Appearing through the mountaintops like a mirage, Schloss Neuschwanstein was the model for Disney’s Sleeping Beauty castle. King Ludwig II planned this fairy-tale pile himself, with the help of a stage designer rather than an architect. He envisioned it as a giant stage on which to recreate the world of Germanic mythology, inspired by the operatic works of his friend Richard Wagner. The most impressive room is the Sängersaal (Minstrels’ Hall), whose frescos depict scenes from the opera Tannhäuser.
Built as a romantic medieval castle, work started in 1869 and, like so many of Ludwig’s grand schemes, was never finished. For all the coffer-depleting sums spent on it, the king spent just over 170 days in residence.

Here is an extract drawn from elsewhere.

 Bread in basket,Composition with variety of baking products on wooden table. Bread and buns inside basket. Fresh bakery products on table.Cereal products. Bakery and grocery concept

Completed sections include Ludwig’s Tristan and Isolde–themed bedroom, dominated by a huge Gothic-style bed crowned with intricately carved cathedral-like spires; a gaudy artificial grotto (another allusion to Tannhäuser); and the Byzantine-style Thronsaal (Throne Room) with an incredible mosaic floor containing over two million stones. The painting opposite the (throneless) throne platform depicts another castle dreamed up by Ludwig that was never built (he planned many more). Almost every window provides tour-halting views across the plain below.
The tour ends with a 20-minute film on the castle and its creator, and there's a reasonably priced cafe and the inevitable gift shops.
For the postcard view of Neuschwanstein and the plains beyond, walk 10 minutes up to Marienbrücke (Mary’s Bridge), which spans the spectacular Pöllat Gorge over a waterfall just above the castle. It’s said Ludwig enjoyed coming up here after dark to watch the candlelight radiating from the Sängersaal.